====== Records provided

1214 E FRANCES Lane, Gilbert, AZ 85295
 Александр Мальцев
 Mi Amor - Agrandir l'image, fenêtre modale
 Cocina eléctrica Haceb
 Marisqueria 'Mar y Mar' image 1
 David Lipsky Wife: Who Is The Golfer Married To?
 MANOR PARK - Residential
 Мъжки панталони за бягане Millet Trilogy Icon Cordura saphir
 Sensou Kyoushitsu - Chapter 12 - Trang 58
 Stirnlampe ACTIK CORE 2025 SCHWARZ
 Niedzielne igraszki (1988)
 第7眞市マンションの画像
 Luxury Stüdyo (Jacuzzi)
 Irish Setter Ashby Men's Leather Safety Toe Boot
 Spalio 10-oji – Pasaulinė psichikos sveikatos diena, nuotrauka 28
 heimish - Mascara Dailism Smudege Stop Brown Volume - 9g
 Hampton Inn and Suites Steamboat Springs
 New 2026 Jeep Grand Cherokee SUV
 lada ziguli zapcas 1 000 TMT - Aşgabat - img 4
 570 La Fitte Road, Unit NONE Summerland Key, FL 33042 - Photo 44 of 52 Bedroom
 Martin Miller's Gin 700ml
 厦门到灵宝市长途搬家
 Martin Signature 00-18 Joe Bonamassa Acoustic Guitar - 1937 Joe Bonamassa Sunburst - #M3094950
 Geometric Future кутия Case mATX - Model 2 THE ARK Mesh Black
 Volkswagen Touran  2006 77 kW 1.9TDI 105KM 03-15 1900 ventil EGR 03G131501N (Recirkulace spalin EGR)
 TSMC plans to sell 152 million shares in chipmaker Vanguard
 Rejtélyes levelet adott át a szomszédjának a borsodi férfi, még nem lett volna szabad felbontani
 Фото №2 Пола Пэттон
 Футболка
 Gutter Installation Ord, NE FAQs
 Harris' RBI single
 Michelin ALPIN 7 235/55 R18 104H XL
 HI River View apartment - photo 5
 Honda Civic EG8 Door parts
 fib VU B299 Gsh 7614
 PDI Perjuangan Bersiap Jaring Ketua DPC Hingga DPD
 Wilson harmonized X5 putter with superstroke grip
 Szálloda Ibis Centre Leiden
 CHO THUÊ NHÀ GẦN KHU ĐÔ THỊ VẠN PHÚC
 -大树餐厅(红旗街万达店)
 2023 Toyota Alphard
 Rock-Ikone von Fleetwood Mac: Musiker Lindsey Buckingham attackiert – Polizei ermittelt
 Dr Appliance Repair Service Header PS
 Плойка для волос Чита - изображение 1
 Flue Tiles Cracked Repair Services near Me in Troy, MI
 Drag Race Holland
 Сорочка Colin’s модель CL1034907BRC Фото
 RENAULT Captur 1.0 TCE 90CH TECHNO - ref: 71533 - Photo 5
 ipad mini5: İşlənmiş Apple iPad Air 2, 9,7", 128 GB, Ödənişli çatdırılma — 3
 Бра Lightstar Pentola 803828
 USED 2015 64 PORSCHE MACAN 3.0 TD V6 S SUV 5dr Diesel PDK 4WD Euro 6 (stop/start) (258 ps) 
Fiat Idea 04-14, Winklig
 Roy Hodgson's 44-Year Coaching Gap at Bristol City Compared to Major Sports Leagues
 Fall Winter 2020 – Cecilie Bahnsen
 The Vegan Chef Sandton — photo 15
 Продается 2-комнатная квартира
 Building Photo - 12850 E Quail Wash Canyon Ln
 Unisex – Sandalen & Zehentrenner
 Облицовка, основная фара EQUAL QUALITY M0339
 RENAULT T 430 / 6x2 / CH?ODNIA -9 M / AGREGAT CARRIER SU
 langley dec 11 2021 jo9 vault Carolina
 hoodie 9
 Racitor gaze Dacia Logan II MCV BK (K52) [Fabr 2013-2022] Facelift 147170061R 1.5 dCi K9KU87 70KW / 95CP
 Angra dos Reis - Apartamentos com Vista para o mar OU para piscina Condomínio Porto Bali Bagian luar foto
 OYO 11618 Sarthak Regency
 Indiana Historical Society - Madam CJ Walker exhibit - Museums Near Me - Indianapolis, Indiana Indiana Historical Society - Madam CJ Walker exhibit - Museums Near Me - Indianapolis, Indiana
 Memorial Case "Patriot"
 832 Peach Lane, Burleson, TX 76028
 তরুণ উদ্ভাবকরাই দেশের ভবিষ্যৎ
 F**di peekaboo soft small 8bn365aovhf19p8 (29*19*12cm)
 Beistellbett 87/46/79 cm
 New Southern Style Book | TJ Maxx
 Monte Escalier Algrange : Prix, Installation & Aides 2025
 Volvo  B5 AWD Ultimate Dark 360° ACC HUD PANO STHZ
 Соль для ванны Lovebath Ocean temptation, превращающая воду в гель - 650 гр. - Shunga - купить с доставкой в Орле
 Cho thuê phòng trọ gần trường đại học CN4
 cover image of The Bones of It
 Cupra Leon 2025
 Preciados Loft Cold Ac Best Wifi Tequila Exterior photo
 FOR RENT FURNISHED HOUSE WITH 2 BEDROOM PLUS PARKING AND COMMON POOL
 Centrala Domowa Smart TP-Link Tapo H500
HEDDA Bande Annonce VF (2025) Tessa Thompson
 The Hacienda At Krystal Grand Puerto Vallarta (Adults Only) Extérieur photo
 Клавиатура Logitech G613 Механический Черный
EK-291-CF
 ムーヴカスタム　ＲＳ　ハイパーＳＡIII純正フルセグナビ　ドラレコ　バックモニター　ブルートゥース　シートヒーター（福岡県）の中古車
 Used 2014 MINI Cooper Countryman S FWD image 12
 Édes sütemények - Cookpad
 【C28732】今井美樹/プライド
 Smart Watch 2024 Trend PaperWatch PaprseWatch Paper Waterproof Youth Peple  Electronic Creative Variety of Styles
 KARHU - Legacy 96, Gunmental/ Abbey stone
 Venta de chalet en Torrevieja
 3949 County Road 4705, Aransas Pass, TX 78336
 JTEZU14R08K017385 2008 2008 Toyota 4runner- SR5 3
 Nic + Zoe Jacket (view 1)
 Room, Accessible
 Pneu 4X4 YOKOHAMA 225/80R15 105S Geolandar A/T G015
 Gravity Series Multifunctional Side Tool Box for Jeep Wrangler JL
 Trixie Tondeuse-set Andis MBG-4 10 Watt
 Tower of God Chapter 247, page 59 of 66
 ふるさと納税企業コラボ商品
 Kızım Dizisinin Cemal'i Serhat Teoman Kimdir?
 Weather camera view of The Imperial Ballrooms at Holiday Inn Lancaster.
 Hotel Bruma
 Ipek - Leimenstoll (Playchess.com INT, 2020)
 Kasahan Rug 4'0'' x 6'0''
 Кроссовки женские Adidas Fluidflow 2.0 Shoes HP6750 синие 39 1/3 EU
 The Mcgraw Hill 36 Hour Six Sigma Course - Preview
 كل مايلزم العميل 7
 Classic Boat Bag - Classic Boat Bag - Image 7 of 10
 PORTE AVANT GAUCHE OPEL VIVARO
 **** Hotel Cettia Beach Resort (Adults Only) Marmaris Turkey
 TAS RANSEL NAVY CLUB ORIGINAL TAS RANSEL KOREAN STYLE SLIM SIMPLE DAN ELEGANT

============

*What you have to do:* Copy every entry exactly.

*Solved problem:*
1214 E FRANCES Lane, Gilbert, AZ 85295
 Александр Мальцев
 Mi Amor - Agrandir l'image, fenêtre modale
 Cocina eléctrica Haceb
 Marisqueria 'Mar y Mar' image 1
 David Lipsky Wife: Who Is The Golfer Married To?
 MANOR PARK - Residential
 Мъжки панталони за бягане Millet Trilogy Icon Cordura saphir
 Sensou Kyoushitsu - Chapter 12 - Trang 58
 Stirnlampe ACTIK CORE 2025 SCHWARZ
 Niedzielne igraszki (1988)
 第7眞市マンションの画像
 Luxury Stüdyo (Jacuzzi)
 Irish Setter Ashby Men's Leather Safety Toe Boot
 Spalio 10-oji – Pasaulinė psichikos sveikatos diena, nuotrauka 28
 heimish - Mascara Dailism Smudege Stop Brown Volume - 9g
 Hampton Inn and Suites Steamboat Springs
 New 2026 Jeep Grand Cherokee SUV
 lada ziguli zapcas 1 000 TMT - Aşgabat - img 4
 570 La Fitte Road, Unit NONE Summerland Key, FL 33042 - Photo 44 of 52 Bedroom
 Martin Miller's Gin 700ml
 厦门到灵宝市长途搬家
 Martin Signature 00-18 Joe Bonamassa Acoustic Guitar - 1937 Joe Bonamassa Sunburst - #M3094950
 Geometric Future кутия Case mATX - Model 2 THE ARK Mesh Black
 Volkswagen Touran  2006 77 kW 1.9TDI 105KM 03-15 1900 ventil EGR 03G131501N (Recirkulace spalin EGR)
 TSMC plans to sell 152 million shares in chipmaker Vanguard
 Rejtélyes levelet adott át a szomszédjának a borsodi férfi, még nem lett volna szabad felbontani
 Фото №2 Пола Пэттон
 Футболка
 Gutter Installation Ord, NE FAQs
 Harris' RBI single
 Michelin ALPIN 7 235/55 R18 104H XL
 HI River View apartment - photo 5
 Honda Civic EG8 Door parts
 fib VU B299 Gsh 7614
 PDI Perjuangan Bersiap Jaring Ketua DPC Hingga DPD
 Wilson harmonized X5 putter with superstroke grip
 Szálloda Ibis Centre Leiden
 CHO THUÊ NHÀ GẦN KHU ĐÔ THỊ VẠN PHÚC
 -大树餐厅(红旗街万达店)
 2023 Toyota Alphard
 Rock-Ikone von Fleetwood Mac: Musiker Lindsey Buckingham attackiert – Polizei ermittelt
 Dr Appliance Repair Service Header PS
 Плойка для волос Чита - изображение 1
 Flue Tiles Cracked Repair Services near Me in Troy, MI
 Drag Race Holland
 Сорочка Colin’s модель CL1034907BRC Фото
 RENAULT Captur 1.0 TCE 90CH TECHNO - ref: 71533 - Photo 5
 ipad mini5: İşlənmiş Apple iPad Air 2, 9,7", 128 GB, Ödənişli çatdırılma — 3
 Бра Lightstar Pentola 803828
 USED 2015 64 PORSCHE MACAN 3.0 TD V6 S SUV 5dr Diesel PDK 4WD Euro 6 (stop/start) (258 ps) 
Fiat Idea 04-14, Winklig
 Roy Hodgson's 44-Year Coaching Gap at Bristol City Compared to Major Sports Leagues
 Fall Winter 2020 – Cecilie Bahnsen
 The Vegan Chef Sandton — photo 15
 Продается 2-комнатная квартира
 Building Photo - 12850 E Quail Wash Canyon Ln
 Unisex – Sandalen & Zehentrenner
 Облицовка, основная фара EQUAL QUALITY M0339
 RENAULT T 430 / 6x2 / CH?ODNIA -9 M / AGREGAT CARRIER SU
 langley dec 11 2021 jo9 vault Carolina
 hoodie 9
 Racitor gaze Dacia Logan II MCV BK (K52) [Fabr 2013-2022] Facelift 147170061R 1.5 dCi K9KU87 70KW / 95CP
 Angra dos Reis - Apartamentos com Vista para o mar OU para piscina Condomínio Porto Bali Bagian luar foto
 OYO 11618 Sarthak Regency
 Indiana Historical Society - Madam CJ Walker exhibit - Museums Near Me - Indianapolis, Indiana Indiana Historical Society - Madam CJ Walker exhibit - Museums Near Me - Indianapolis, Indiana
 Memorial Case "Patriot"
 832 Peach Lane, Burleson, TX 76028
 তরুণ উদ্ভাবকরাই দেশের ভবিষ্যৎ
 F**di peekaboo soft small 8bn365aovhf19p8 (29*19*12cm)
 Beistellbett 87/46/79 cm
 New Southern Style Book | TJ Maxx
 Monte Escalier Algrange : Prix, Installation & Aides 2025
 Volvo  B5 AWD Ultimate Dark 360° ACC HUD PANO STHZ
 Соль для ванны Lovebath Ocean temptation, превращающая воду в гель - 650 гр. - Shunga - купить с доставкой в Орле
 Cho thuê phòng trọ gần trường đại học CN4
 cover image of The Bones of It
 Cupra Leon 2025
 Preciados Loft Cold Ac Best Wifi Tequila Exterior photo
 FOR RENT FURNISHED HOUSE WITH 2 BEDROOM PLUS PARKING AND COMMON POOL
 Centrala Domowa Smart TP-Link Tapo H500
HEDDA Bande Annonce VF (2025) Tessa Thompson
 The Hacienda At Krystal Grand Puerto Vallarta (Adults Only) Extérieur photo
 Клавиатура Logitech G613 Механический Черный
EK-291-CF
 ムーヴカスタム　ＲＳ　ハイパーＳＡIII純正フルセグナビ　ドラレコ　バックモニター　ブルートゥース　シートヒーター（福岡県）の中古車
 Used 2014 MINI Cooper Countryman S FWD image 12
 Édes sütemények - Cookpad
 【C28732】今井美樹/プライド
 Smart Watch 2024 Trend PaperWatch PaprseWatch Paper Waterproof Youth Peple  Electronic Creative Variety of Styles
 KARHU - Legacy 96, Gunmental/ Abbey stone
 Venta de chalet en Torrevieja
 3949 County Road 4705, Aransas Pass, TX 78336
 JTEZU14R08K017385 2008 2008 Toyota 4runner- SR5 3
 Nic + Zoe Jacket (view 1)
 Room, Accessible
 Pneu 4X4 YOKOHAMA 225/80R15 105S Geolandar A/T G015
 Gravity Series Multifunctional Side Tool Box for Jeep Wrangler JL
 Trixie Tondeuse-set Andis MBG-4 10 Watt
 Tower of God Chapter 247, page 59 of 66
 ふるさと納税企業コラボ商品
 Kızım Dizisinin Cemal'i Serhat Teoman Kimdir?
 Weather camera view of The Imperial Ballrooms at Holiday Inn Lancaster.
 Hotel Bruma
 Ipek - Leimenstoll (Playchess.com INT, 2020)
 Kasahan Rug 4'0'' x 6'0''
 Кроссовки женские Adidas Fluidflow 2.0 Shoes HP6750 синие 39 1/3 EU
 The Mcgraw Hill 36 Hour Six Sigma Course - Preview
 كل مايلزم العميل 7
 Classic Boat Bag - Classic Boat Bag - Image 7 of 10
 PORTE AVANT GAUCHE OPEL VIVARO
 **** Hotel Cettia Beach Resort (Adults Only) Marmaris Turkey
 TAS RANSEL NAVY CLUB ORIGINAL TAS RANSEL KOREAN STYLE SLIM SIMPLE DAN ELEGANT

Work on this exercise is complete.